Figure 10: The Northern Territory saw growth return after a short mild decline, while the Australian Capital Territory's growth moderated.
The Northern Territory’s growth was underwritten by government consumption and investment, which spiked sharply against moderately stable other factors. On the other hand, the ACT’s growth factors largely mirrored those of South Australia and the major States, however, with growth roughly equally underwritten by stimulus through household and government consumption.
Figure 11: The Northern Territory's growth was underwritten by government investment and (spiking) consumption, while the ACT’s growth was underwritten by stimulus working through both government and household consumption.
Conclusion
Growth of the overall Australian economy moderated over the March quarter following a strong recovery from lockdowns in response to the Delta variant. The moderation was due to a resurgence of imports, with the domestic economy still otherwise strong due to the ongoing effects of government stimulus. Growth in State Final Demand in the Major States (NSW & VIC) particularly offset negative growth contributed by the international sector.
Across the Federation, there were divergent results within the overall moderation:
Major States: Growth moderated in New South Wales and Victoria following the recovery from Delta variant restrictions, with Victoria seeing the lesser recovery and lesser moderation. In both states, household consumption was the primary driver of growth (unwinding JobKeeper savings) with government consumption coming in second.

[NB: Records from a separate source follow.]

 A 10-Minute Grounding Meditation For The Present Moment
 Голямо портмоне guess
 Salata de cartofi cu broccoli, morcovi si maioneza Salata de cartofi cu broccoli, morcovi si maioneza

Resource States: State Final Demand growth strengthened in Queensland and Western Australia, with Western Australia picking up to even stronger growth than Queensland. State governments appear to be making hay while the resource boom shines, with growth underwritten particularly by government consumption.

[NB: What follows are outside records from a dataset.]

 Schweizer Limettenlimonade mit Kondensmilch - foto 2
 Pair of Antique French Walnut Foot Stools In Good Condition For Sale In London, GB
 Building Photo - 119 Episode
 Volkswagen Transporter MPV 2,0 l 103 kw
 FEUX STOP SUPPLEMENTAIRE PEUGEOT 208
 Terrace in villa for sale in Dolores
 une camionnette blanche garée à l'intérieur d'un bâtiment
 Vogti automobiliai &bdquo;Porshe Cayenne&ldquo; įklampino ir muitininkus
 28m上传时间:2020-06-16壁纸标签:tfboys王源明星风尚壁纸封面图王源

Festival States: Growth improved in South Australia and Tasmania, however, in Tasmania this meant a moderation of the State Final Demand recession. Improvement was underwritten by stimulus in both states, but the dependence was greater in Tasmania where government consumption is the primary driver of growth.

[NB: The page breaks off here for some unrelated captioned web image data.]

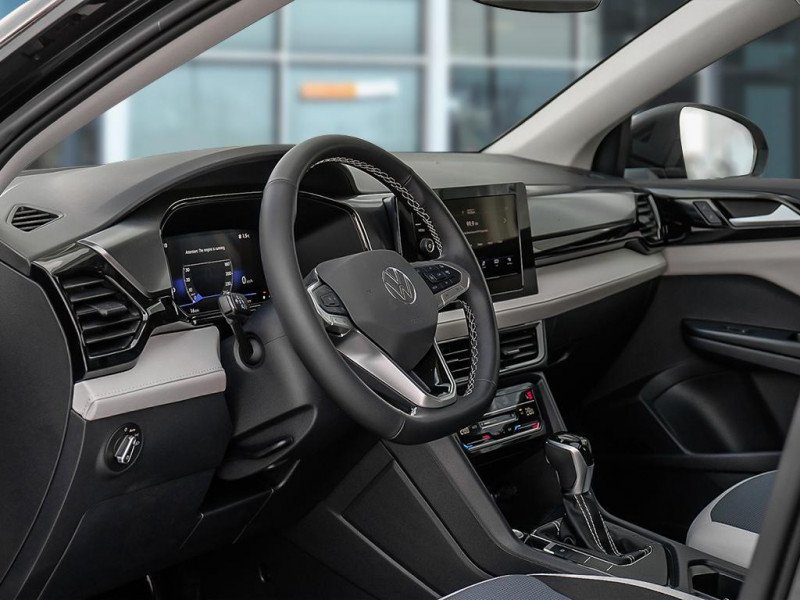 Volkswagen Taos Trendline 4MOTION  - Heated Seats 2026-9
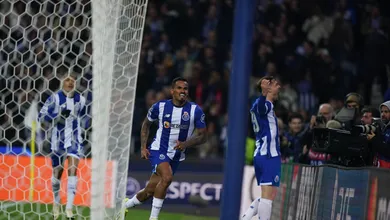 Gola&ccedil;o de Galeno nos acr&eacute;scimos faz Porto superar Arsenal ap&oacute;s jogo morno nas oitavas da Champions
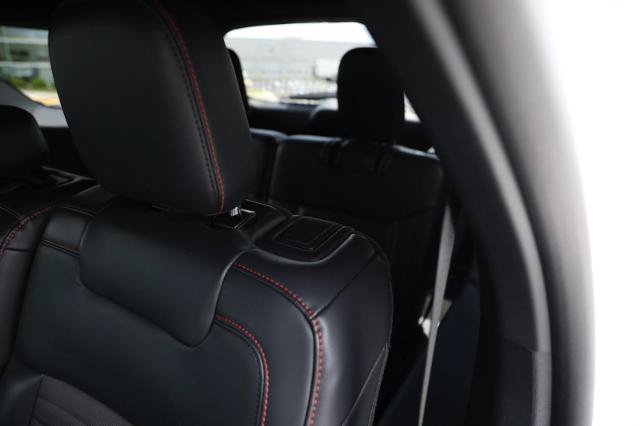 Certified 2025 Ford Explorer ST-Line w/ ST-Line Street Pack AWD/4WD image 29
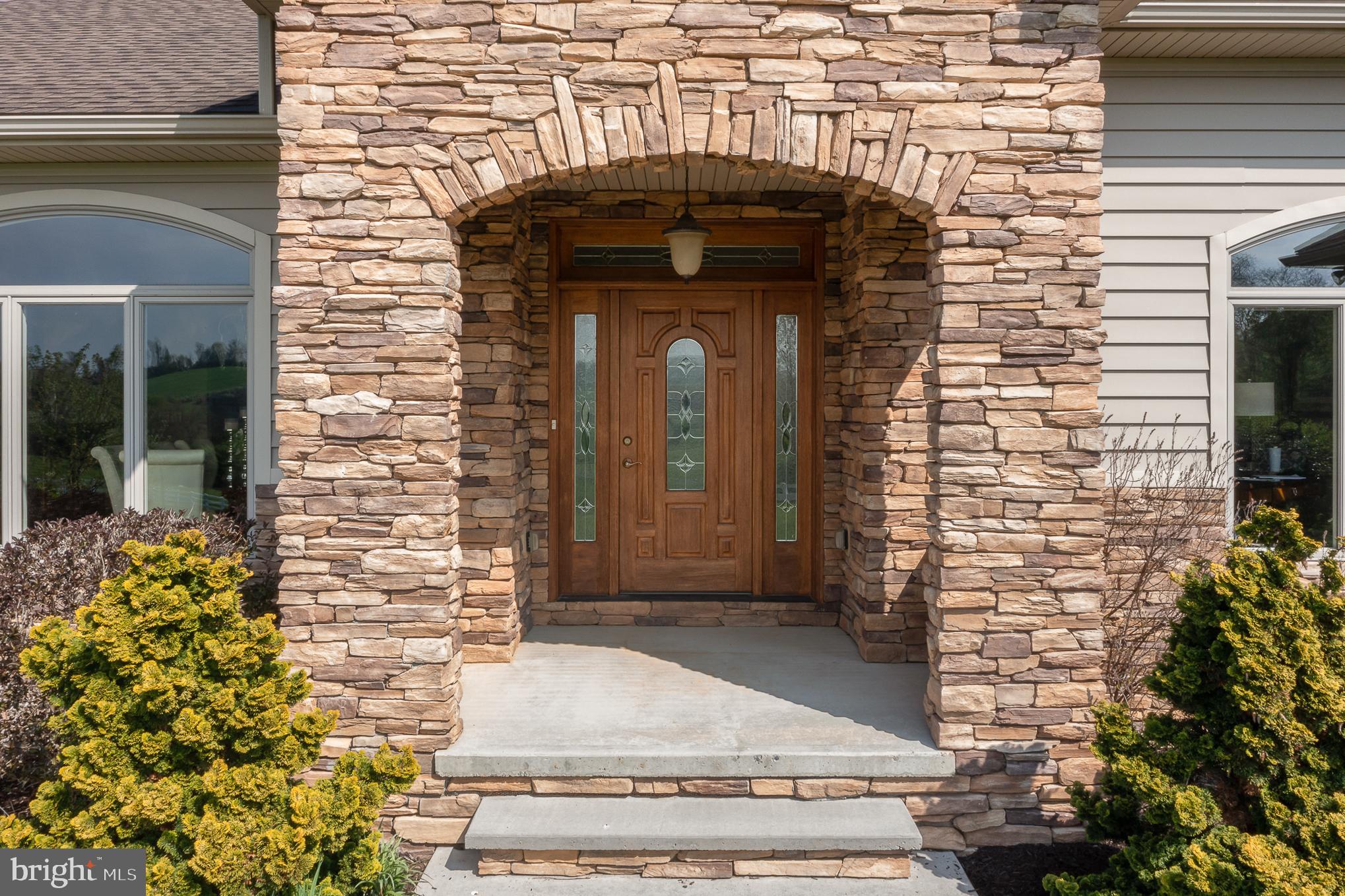 253 Bonnybrook Road Carlisle, PA 17015 - Photo 3 of 61 Gallery Image 3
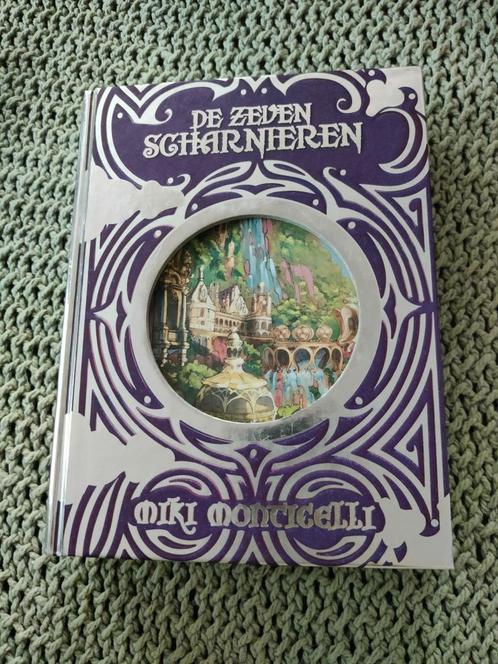 Miki Monticelli - De Zeven Scharnieren, Livres, Livres pour enfants | Jeunesse | 10 à 12 ans, Comme neuf, Enlèvement ou Envoi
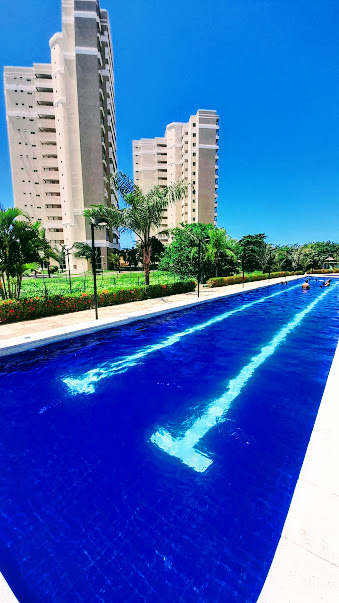 Бассейн в последнем месте где мы жили в Бразилии, в пригороде Форталезы, четырехкомнатная квартиру тут стоила около 430 евро в месяц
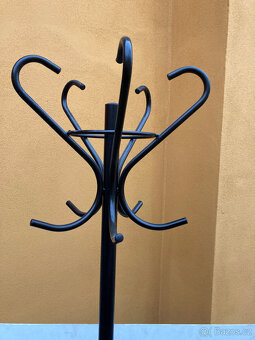 Věšák stojanový kovový černý za 500 kč - 2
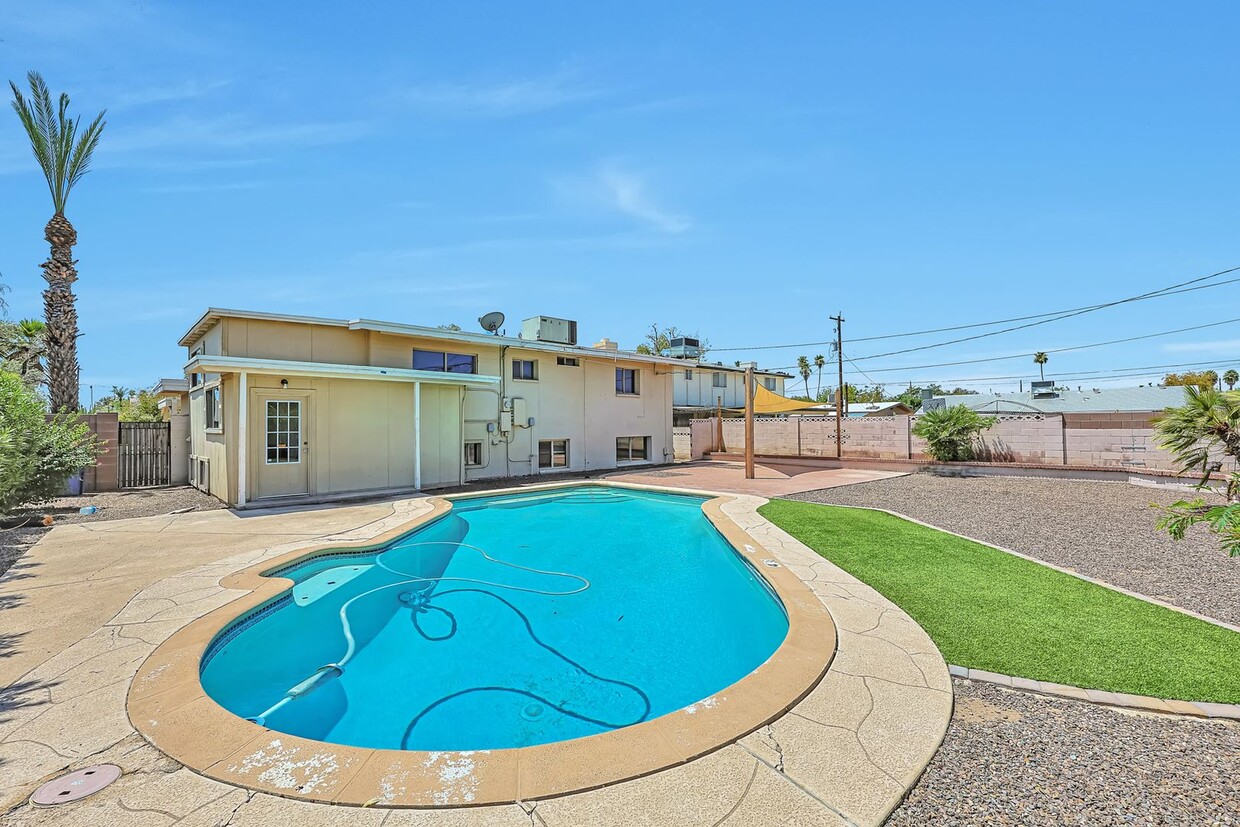 Foto principal - 5 Bedroom, 3 Bath Home with a Pool near ASU.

Territories: The Northern Territory saw growth return after a short decline, while the ACT’s growth moderated. In the Northern Territory this growth was underwritten by government investment and spiking government consumption, while the ACT’s growth was underwritten by more broad factors working through government and household consumption.
The key theme across the economy is that volumetric, real growth continues to be underwritten by stimulus working through household and government consumption.
This key theme is stronger in Queensland and Western Australia where government consumption is the primary driver underwriting State Final Demand Growth, and it is stronger again in Tasmania and the Northern Territory where it is largely alone countervailing a State Final Demand recession. In the Major States, South Australia and the ACT, State Final Demand growth is a more broad-based, with household consumption (albeit stimulated) the primary driver of growth.
We are likely to see further moderation of growth as stimulus unwinds. And of the eight economies across the Federation, the Resource States are the most vulnerable to a downturn in commodity prices as their state budgets are underwritten by the boom.
The views expressed in this note are those of the author alone and in no way reflect the views of his employer or any other party.